Given entries section start
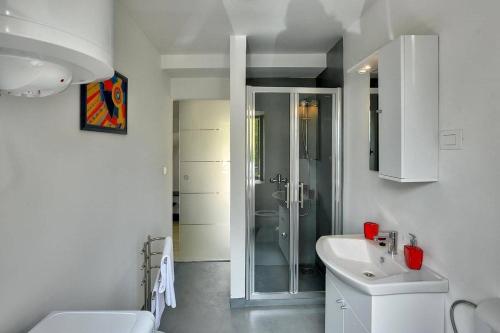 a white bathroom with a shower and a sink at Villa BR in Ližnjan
Given entries section end
Given entries section start
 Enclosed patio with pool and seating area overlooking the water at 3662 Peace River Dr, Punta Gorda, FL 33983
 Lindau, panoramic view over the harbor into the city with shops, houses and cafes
Given entries section end
Problem to work on: Retype exactly the lines above, from the one with "Enclosed patio with" through the one with "Lindau, panoramic view", inclusive.

Result of this task:
 Enclosed patio with pool and seating area overlooking the water at 3662 Peace River Dr, Punta Gorda, FL 33983
 Lindau, panoramic view over the harbor into the city with shops, houses and cafes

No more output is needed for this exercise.